‘He must,’ Alleyn interjected, ‘have also entertained the very nasty notion of throwing suspicion of foul play on his fellow-actors. If there’s a gas-fire back to back with this –’
‘And there is,’ Fox said.
‘The devil there is! So what does Bennington do? He recreates as far as possible the whole set-up, leaves no note, no indication, as far as we can see, of his intention to gas himself, and – who’s next door, Fox?’
‘A Mr Parry Percival.’
‘All right. Bennington pushes off, leaving Mr Parry Percival ostensibly in the position of the Jupiter murderer. Rotten sort of suicide that’d be, Br’er Fox.’
‘We don’t know anything yet, of course,’ said Fox.
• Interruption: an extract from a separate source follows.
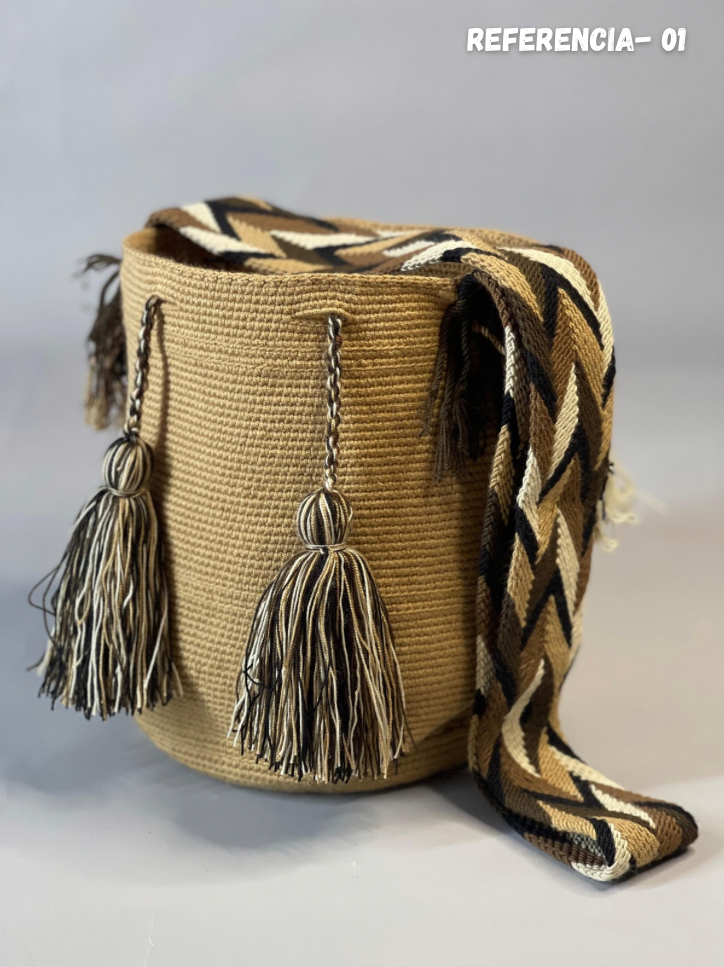 Mochila GRANDE Unicolor Tonos Tierra 🌎(31x28)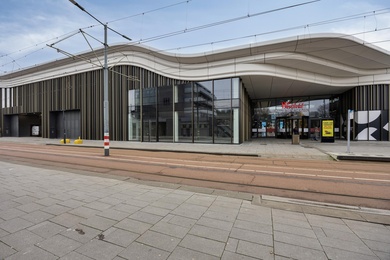 Bekijk foto 2 van Kamperfoelie 16 - 18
‘We don’t and the crashing hellish bore about the whole business lies in the all too obvious fact that we’ll have to find out. What’s on your inventory, Gibson?’
Sergeant Gibson opened his note-book and adopted his official manner.
‘Dressing-table or shelf,’ he said. ‘One standing mirror. One cardboard box containing false hair, rouge, substance labelled “nose-paste”, seven fragments of greasepaint and one unopened box of powder. Shelf. Towel spread out to serve as table-cloth. On towel – one tray containing six sticks of greasepaint. To right of tray, bottle of spirit-adhesive. Bottle containing what appears to be substance known as liquid powder. Open box of powder overturned. Behind box of powder, pile of six pieces of cotton-wool and a roll from which these pieces have been removed.’ He looked up at Alleyn. ‘Intended to be used for powdering purposes, Mr Alleyn.’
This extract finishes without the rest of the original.